╔══
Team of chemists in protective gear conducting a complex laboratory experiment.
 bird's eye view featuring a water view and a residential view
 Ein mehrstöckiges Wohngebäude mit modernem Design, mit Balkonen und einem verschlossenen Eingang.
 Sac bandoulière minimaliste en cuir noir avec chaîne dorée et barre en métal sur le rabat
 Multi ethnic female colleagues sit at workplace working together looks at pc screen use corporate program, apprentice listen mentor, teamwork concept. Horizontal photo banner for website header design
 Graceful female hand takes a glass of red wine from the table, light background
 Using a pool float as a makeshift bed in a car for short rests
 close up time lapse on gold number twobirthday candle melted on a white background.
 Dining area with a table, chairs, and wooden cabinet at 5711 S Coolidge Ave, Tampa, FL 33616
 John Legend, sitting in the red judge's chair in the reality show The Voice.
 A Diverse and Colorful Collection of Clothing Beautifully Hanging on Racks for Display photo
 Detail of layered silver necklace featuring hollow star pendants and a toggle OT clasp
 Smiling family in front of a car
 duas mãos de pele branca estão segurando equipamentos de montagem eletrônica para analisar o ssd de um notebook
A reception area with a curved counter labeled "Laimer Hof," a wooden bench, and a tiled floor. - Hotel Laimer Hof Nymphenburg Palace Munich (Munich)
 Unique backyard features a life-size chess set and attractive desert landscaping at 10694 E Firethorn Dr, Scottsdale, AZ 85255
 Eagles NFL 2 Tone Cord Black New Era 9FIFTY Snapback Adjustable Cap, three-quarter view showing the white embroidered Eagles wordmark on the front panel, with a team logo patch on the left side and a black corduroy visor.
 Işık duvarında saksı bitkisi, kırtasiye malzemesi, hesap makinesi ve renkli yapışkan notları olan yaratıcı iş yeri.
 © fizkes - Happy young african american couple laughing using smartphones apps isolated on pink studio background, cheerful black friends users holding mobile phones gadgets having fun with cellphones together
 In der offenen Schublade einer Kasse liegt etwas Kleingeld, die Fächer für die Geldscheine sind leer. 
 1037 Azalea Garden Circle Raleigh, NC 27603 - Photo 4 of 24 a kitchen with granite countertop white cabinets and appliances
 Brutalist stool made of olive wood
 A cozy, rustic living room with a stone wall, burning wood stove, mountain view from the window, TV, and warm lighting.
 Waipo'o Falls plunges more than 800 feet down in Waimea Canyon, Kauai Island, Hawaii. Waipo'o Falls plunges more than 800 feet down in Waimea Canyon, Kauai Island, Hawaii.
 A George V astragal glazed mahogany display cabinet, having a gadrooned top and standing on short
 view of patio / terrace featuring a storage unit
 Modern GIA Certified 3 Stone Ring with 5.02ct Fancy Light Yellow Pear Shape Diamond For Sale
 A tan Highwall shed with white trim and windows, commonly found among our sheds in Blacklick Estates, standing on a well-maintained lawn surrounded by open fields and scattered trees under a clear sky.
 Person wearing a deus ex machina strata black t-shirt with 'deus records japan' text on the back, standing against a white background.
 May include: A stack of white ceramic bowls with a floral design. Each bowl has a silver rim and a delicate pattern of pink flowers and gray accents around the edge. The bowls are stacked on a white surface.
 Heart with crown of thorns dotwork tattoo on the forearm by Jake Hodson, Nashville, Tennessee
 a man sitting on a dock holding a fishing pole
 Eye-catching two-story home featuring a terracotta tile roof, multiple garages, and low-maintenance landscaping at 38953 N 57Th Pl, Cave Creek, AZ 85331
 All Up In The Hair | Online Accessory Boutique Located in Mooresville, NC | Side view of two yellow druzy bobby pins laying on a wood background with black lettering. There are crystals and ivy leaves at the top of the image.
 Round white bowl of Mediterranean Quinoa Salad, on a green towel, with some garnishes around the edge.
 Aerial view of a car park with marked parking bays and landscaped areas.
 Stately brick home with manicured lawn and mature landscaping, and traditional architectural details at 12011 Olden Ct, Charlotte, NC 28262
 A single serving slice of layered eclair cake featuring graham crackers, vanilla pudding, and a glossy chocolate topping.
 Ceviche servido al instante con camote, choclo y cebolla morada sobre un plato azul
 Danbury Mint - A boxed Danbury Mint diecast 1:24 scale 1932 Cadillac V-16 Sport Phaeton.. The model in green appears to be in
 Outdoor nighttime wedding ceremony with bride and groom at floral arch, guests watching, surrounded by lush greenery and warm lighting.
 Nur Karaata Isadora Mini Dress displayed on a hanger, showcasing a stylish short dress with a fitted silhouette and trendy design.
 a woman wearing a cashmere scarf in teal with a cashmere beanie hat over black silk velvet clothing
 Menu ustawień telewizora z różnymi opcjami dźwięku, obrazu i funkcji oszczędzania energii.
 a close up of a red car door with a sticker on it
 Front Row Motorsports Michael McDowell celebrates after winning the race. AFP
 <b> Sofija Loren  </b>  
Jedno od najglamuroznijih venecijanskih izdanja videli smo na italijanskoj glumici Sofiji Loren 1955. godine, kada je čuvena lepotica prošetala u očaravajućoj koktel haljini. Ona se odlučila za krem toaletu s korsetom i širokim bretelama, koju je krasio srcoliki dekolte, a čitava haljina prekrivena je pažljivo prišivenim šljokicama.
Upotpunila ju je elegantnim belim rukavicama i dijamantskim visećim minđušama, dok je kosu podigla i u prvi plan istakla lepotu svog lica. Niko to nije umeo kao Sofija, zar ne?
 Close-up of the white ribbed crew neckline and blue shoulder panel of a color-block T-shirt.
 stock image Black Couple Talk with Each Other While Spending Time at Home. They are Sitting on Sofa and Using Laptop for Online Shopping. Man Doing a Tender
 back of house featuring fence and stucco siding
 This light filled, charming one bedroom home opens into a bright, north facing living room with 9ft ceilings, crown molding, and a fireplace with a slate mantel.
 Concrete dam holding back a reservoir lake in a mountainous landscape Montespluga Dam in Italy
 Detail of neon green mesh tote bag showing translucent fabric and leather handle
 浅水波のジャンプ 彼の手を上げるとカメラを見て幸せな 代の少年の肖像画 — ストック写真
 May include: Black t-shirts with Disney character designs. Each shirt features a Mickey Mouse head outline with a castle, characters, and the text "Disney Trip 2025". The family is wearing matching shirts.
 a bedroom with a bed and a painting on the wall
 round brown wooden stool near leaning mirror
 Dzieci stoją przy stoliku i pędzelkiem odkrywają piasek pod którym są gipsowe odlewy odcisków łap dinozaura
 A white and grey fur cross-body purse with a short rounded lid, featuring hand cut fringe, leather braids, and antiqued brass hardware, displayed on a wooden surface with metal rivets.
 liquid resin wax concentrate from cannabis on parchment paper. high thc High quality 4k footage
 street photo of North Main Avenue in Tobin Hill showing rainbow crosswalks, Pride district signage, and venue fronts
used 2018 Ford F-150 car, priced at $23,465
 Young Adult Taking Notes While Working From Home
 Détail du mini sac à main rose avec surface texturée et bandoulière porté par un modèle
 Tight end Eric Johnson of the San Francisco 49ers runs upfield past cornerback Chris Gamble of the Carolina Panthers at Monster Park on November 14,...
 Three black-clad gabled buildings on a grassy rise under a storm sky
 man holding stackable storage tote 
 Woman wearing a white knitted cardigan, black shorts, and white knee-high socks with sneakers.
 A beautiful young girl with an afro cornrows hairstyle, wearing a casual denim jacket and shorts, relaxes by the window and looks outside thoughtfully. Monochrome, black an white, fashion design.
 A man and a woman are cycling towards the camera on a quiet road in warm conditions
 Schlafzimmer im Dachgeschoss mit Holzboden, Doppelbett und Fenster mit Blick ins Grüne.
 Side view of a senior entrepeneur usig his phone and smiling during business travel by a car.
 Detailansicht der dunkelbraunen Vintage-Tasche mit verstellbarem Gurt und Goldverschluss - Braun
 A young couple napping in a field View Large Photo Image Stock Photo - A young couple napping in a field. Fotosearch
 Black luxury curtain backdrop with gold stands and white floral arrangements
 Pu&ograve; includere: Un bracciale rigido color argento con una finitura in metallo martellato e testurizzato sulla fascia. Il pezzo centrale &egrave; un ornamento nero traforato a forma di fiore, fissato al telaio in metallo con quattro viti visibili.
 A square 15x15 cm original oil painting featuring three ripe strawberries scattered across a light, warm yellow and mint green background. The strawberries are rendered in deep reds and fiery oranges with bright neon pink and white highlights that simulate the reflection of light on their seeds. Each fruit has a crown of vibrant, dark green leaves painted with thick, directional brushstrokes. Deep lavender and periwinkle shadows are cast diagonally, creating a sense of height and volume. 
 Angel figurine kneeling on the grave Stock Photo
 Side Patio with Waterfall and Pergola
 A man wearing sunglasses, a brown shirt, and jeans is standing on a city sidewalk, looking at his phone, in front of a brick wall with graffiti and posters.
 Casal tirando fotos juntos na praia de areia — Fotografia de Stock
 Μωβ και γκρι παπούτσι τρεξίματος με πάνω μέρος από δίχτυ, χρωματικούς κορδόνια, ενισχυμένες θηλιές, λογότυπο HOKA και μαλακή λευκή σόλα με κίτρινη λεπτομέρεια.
╚══
▶ [Try it]
Copy every line of the data above, beginning with the first and ending with the line that contains "Ein mehrstöckiges Wohngebäude", and give nothing more.

▶ [Task response]
Team of chemists in protective gear conducting a complex laboratory experiment.
 bird's eye view featuring a water view and a residential view
 Ein mehrstöckiges Wohngebäude mit modernem Design, mit Balkonen und einem verschlossenen Eingang.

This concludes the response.